One other interesting moment came out of that session. MRC attorney, Brian Hail, discussed the “waterfall” of money that would come to the note holders when the auction was done and the deal had finally closed. But there were all the ‘beaks’ that would be dipping into this waterfall and getting wet before the cascade reached its final goal.
The list was long.

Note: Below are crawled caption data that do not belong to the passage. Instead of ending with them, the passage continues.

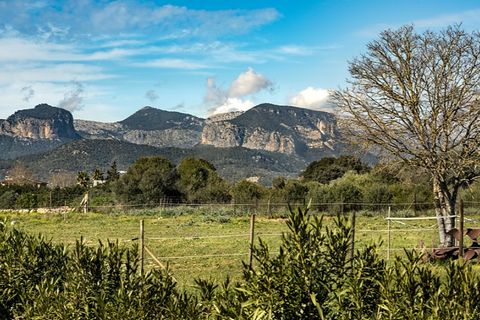 Landejendom i Sencelles, Mallorca, Sencelles - € 1.550.000 | Ref: 7042 - foto 4
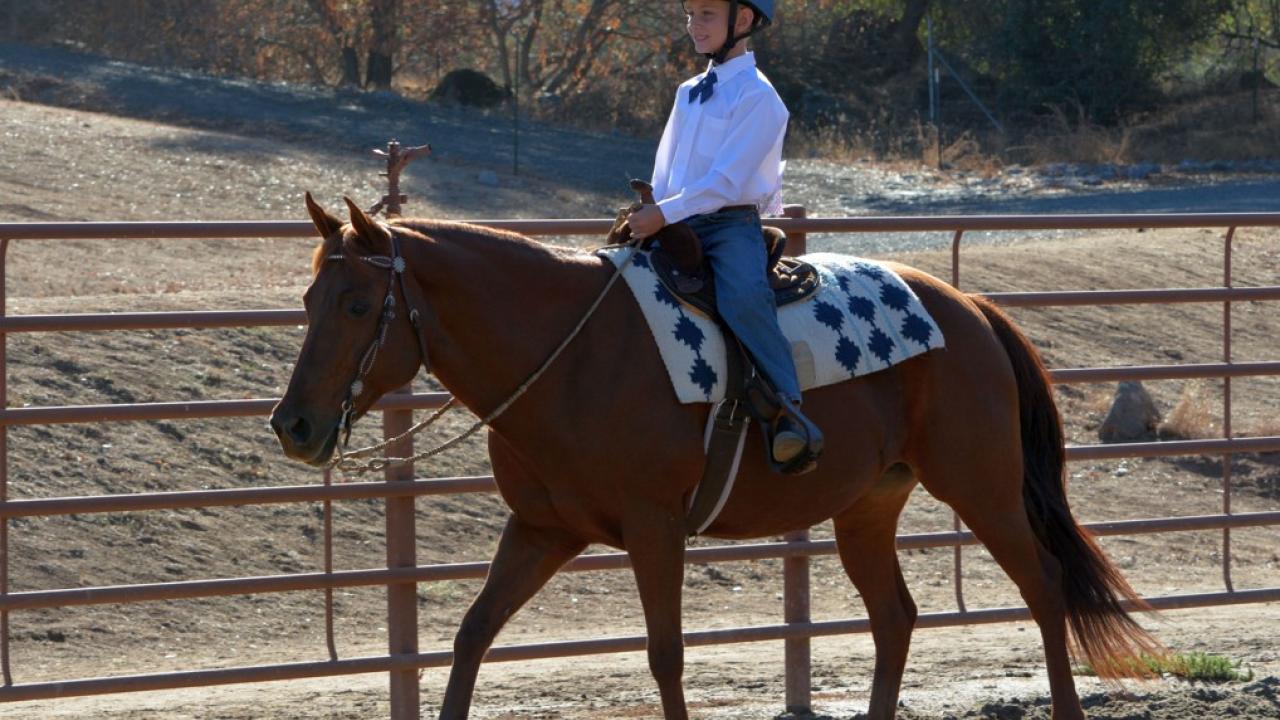 child on horse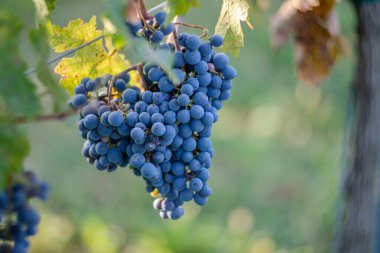 Üzüm bağındaki mavi üzümler. Hasatta kırmızı şarap yapmak için Cabernet Franc üzümleri. Macaristan 'da sonbaharda bir üzüm bağındaki donmuş üzüm üzümlerinin ayrıntılı görüntüsü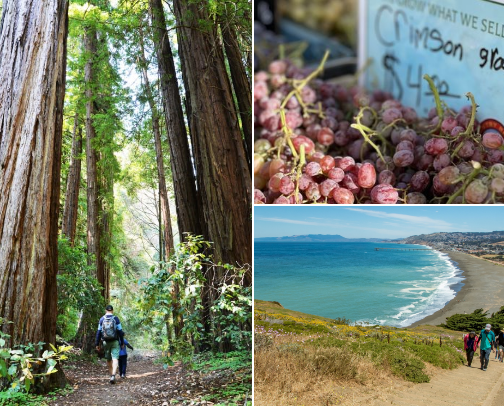 Things To Do in the Bay Area cover photo collage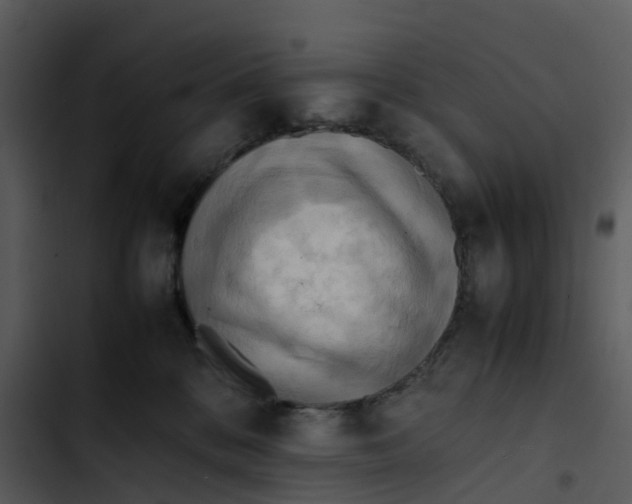 X0000102860328200809081312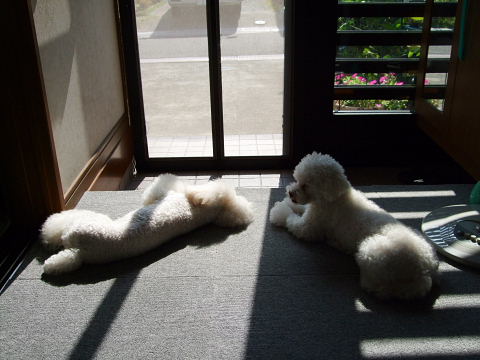 b0104592_2011787.jpg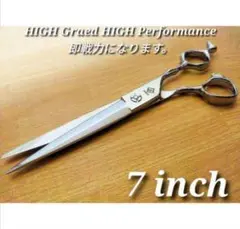 Item thumbnail for item 08f2164d-dc78-4c23-9c9a-6c5c83b08fa5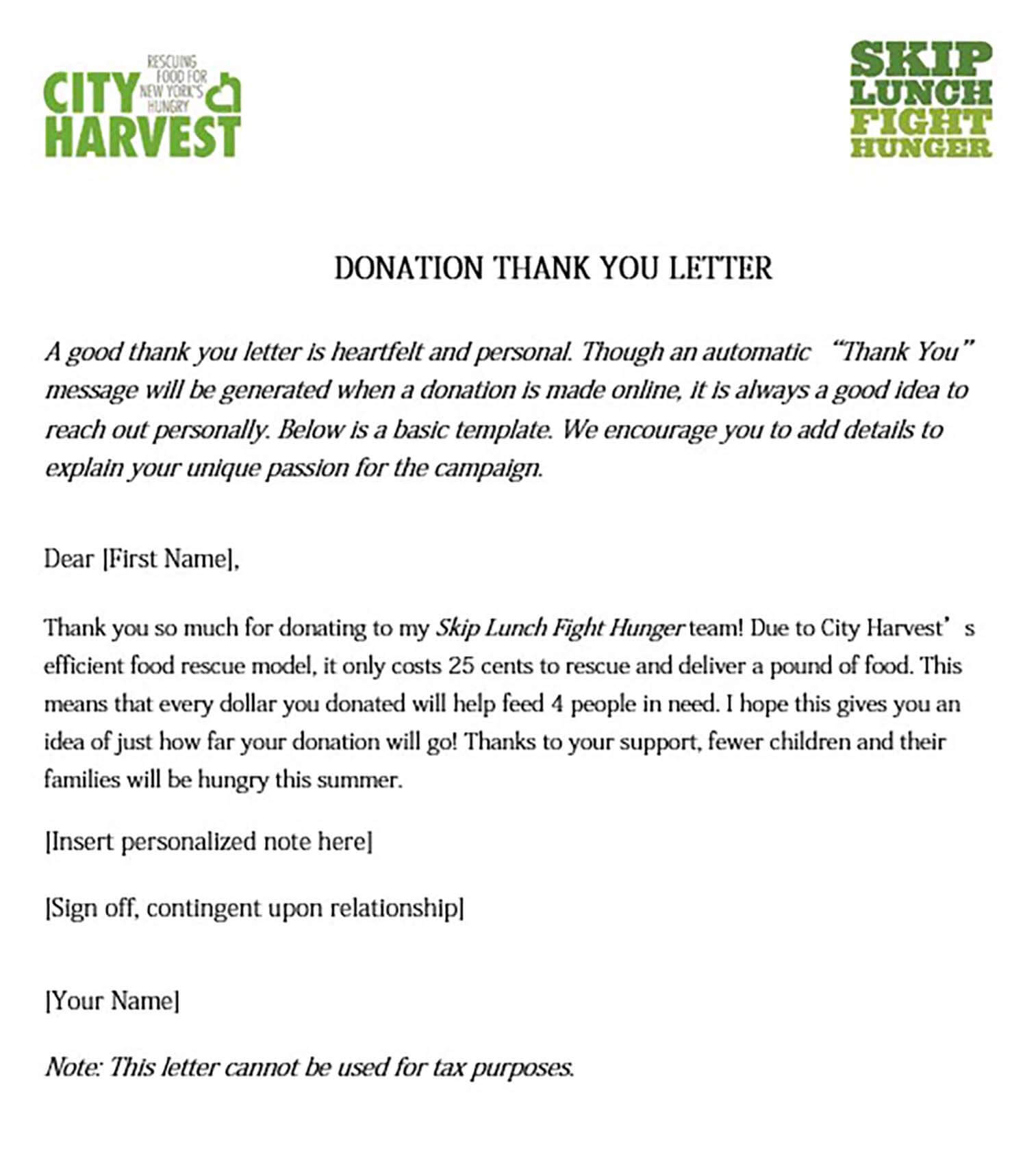 Thank You For Donation Letter Template from moussyusa.com
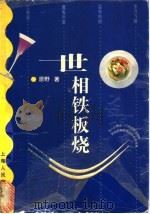 世相铁板烧   1998  PDF电子版封面  7208027234  原野著 
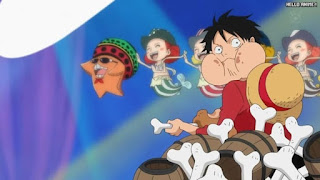 ワンピースアニメ 魚人島編 569話 パッパグ ルフィ Monkey D. Luffy | ONE PIECE Episode 569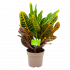 croton codiaeum variegatum excellent-wonderstruik-groene kamerplanten-potmaat 13cm-hoogte 45cm-biezen-label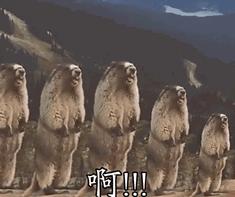 男性肩宽好看还是肩窄好看,男人肩宽好看还是肩窄好看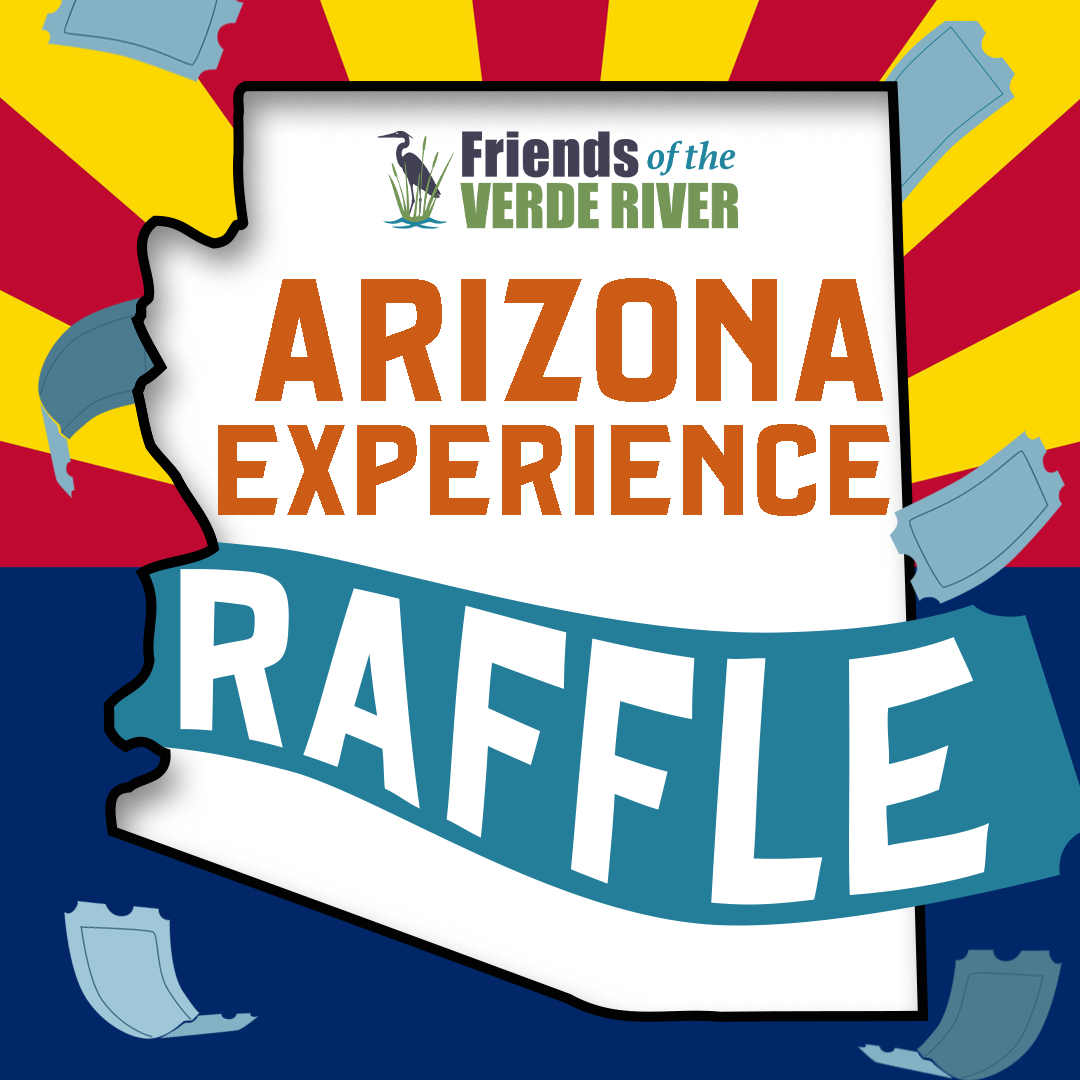 2025 Arizona Experience Raffle - logo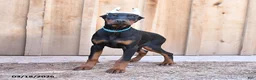 Doberman Pinscher dogs for sale: Roxie - Ad 4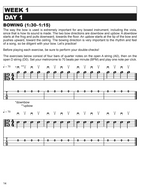 How to Play Viola in 14 Days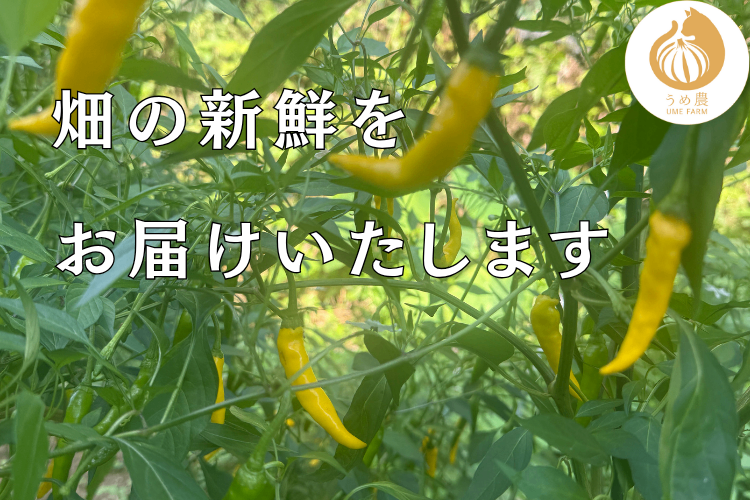 【新鮮・旬の刺激】──新鮮生唐辛子（黄金唐辛子） 200g 栽培時農薬不使用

A substantial industry has developed around the carcass of the old PL like scavengers with appetites that would make buzzards blanch: this bank– that bank, this lender, that service provider, financial advisors of many stripes, experts, experts to advise the experts, the Plan Agent (Pete Wilson putting away a tidy $125,000/month for doing something he knows nothing about), the Special Plan Agent, the assistant Plan Agent, the ranks of lawyers with their casual avarice, Mathews himself—the list goes on.
And here we sit in humble old Humboldt, all of us average people, working hard, happily settling for what the hotshots think of as chump change, to make a decent life in our place, for our kids, for the land. Who are all these birds dipping into a ‘waterfall’ of wealth whose headwaters as far as I can tell are here in our watersheds, our trees, our community. There is a valid place for responsible capital investment, an honorable profit to be had. This isn’t quite it. We have to be grateful though that the Judge grasps what’s at stake. One hopes.